Memory and Persistent Context

Memory lets agents retain context between sessions - for example, remembering a user's name or preferences. Semantic Kernel supports external memory stores like Redis or vector databases to persist and retrieve this context. SK now supports out-of-the-box connectors for your vector databases as well, which makes RAG and other semantic search capabilities available to the agent, making it even more powerful.

Making Agents Production-Ready

1. Clear System Prompts

The system prompt is your agent's behavioral contract.
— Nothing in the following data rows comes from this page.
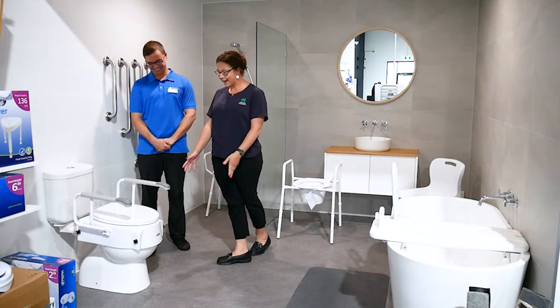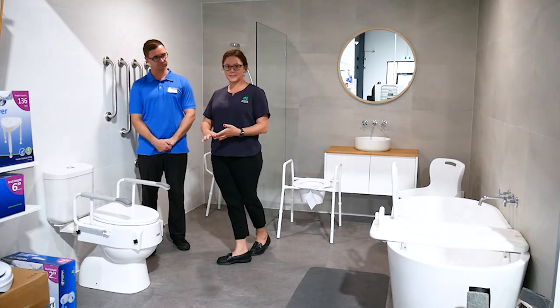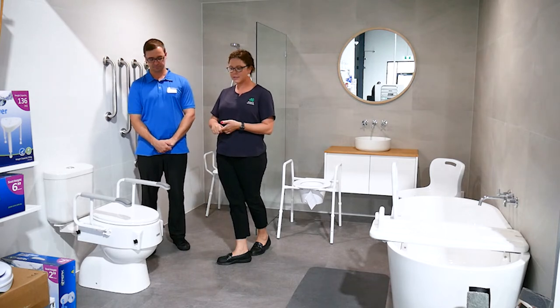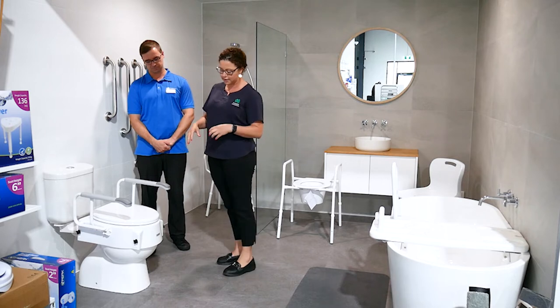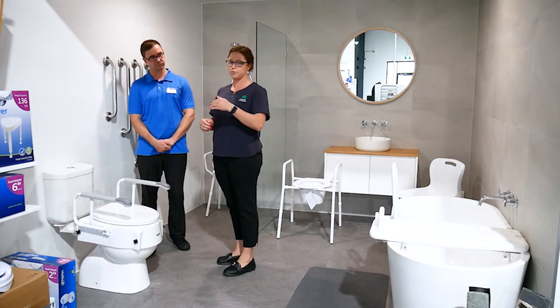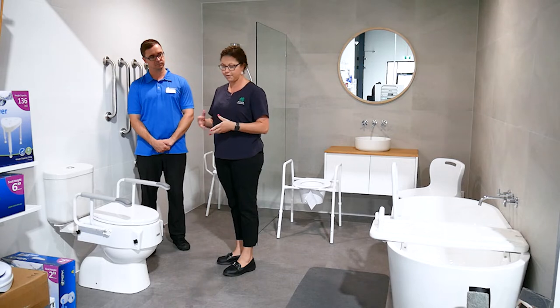I really like this one. Opposed to some of your 4, 6, and 2 inch toilet raisers which are very specific, this particular one you can actually adjust. So this one you can have 50mm, 100mm, or 150mm above the toilet.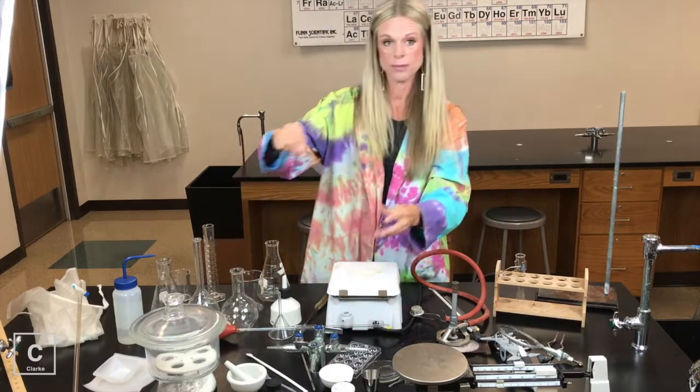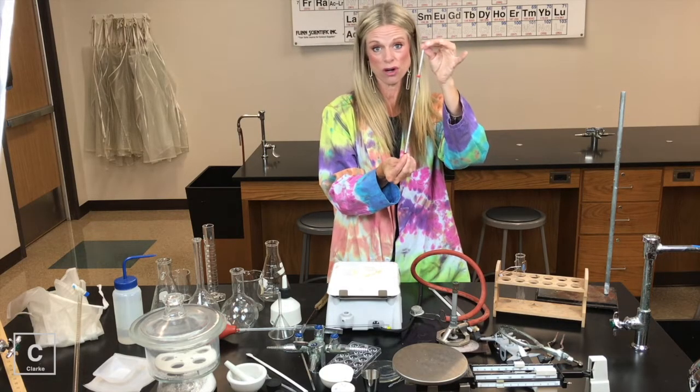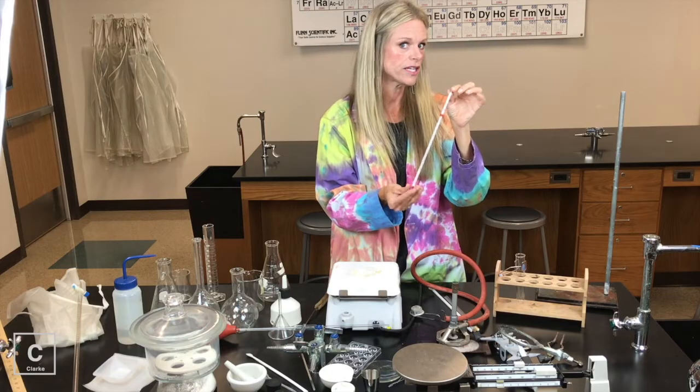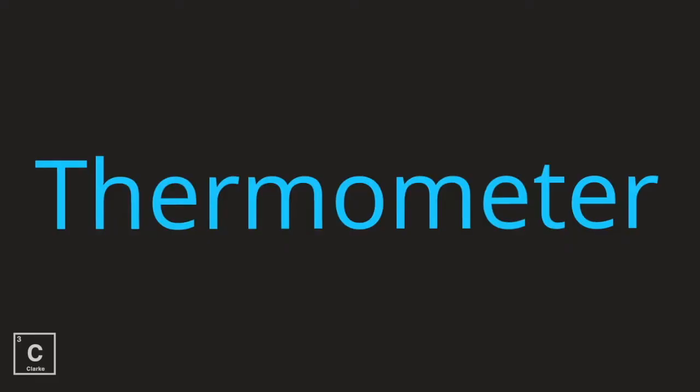Something else glass up here — we've got a thermometer. Sometimes we will use digital probes, but oftentimes we just use the good old thermometer. You need to make sure that you are able to read these correctly. Always in Celsius — remember, science is in Celsius, science is in metric. Thermometer.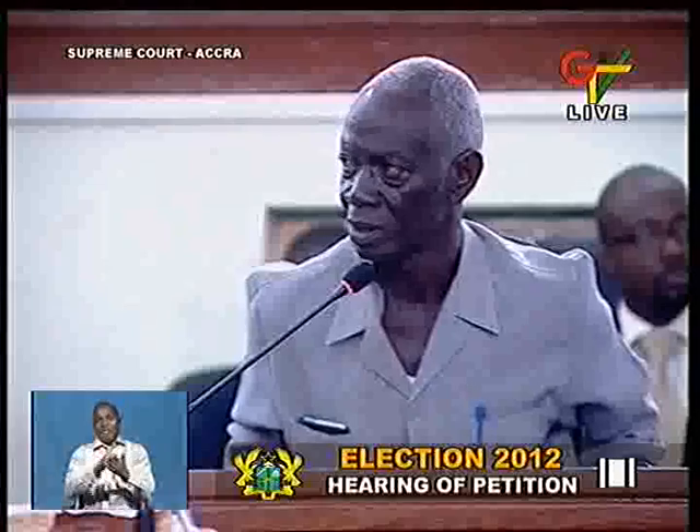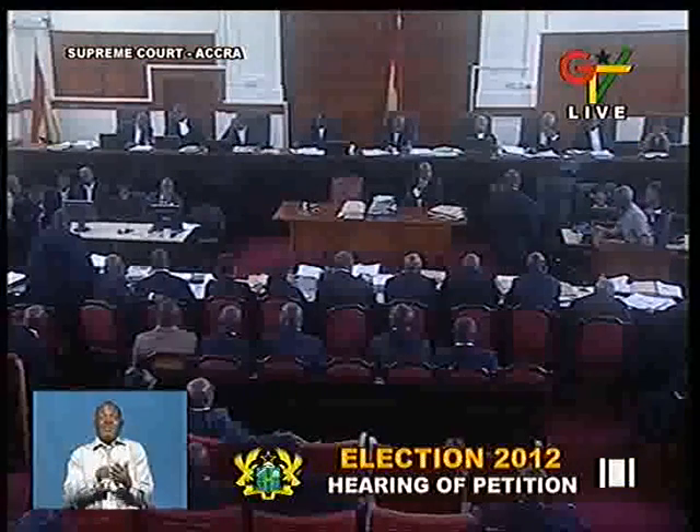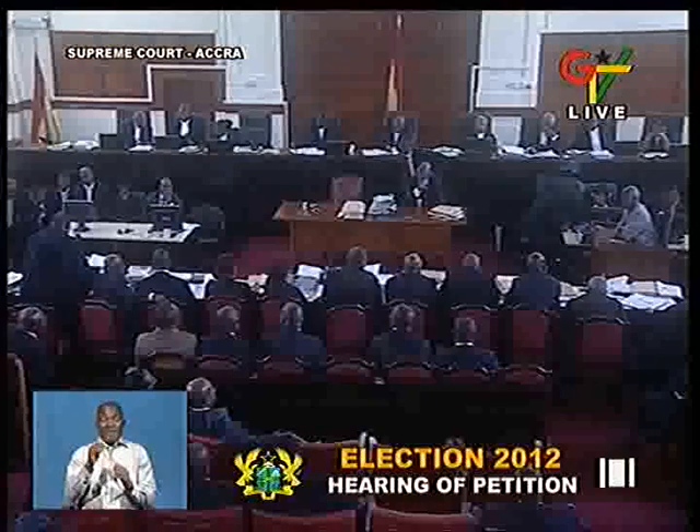Well, you have given evidence in this court on Form 1C, and that is why we are taking you through this. Now you say you're not a registration officer.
A clear, scoped prompt reduces unnecessary back-and-forth reasoning and lowers token usage.

2. Token Awareness

Track token counts for prompts and completions to manage cost and prevent truncation.

3. Security

Validate user inputs, restrict tool capabilities, and store credentials securely.

4. Scalability

• Cache frequent tool results (for example, static location or configuration lookups)
• Cache prompt templates or embeddings for reuse
• Use asynchronous operations for model and tool execution to maximize throughput
• Keep agents stateless or store shared context externally for horizontal scaling
• Use observability data to identify high-frequency tool calls that benefit most from caching

By combining concise prompts, token observability, strong security, and smart caching, you can turn a simple proof-of-concept agent into a scalable, efficient, and reliable production service.

Takeaways

• Semantic Kernel simplifies building AI agents by connecting LLMs with your own code and data.
• The Kernel orchestrates the flow between reasoning and execution, while plugins expose real capabilities as callable tools.
• A well-defined system prompt is the foundation for agent consistency and reasoning clarity.
• Clear system prompts and concise design reduce unnecessary back-and-forth between the kernel and the LLM, improving cost and latency.
• Observability features like otel support and filters make it easier to monitor tool usage and model behavior.
• Advanced concepts like connectors, text-search for RAG, and memory enable multi-step reasoning and persistent context.

In short, Semantic Kernel turns large language models into reliable, observable, and extensible agents that can reason, act, and scale.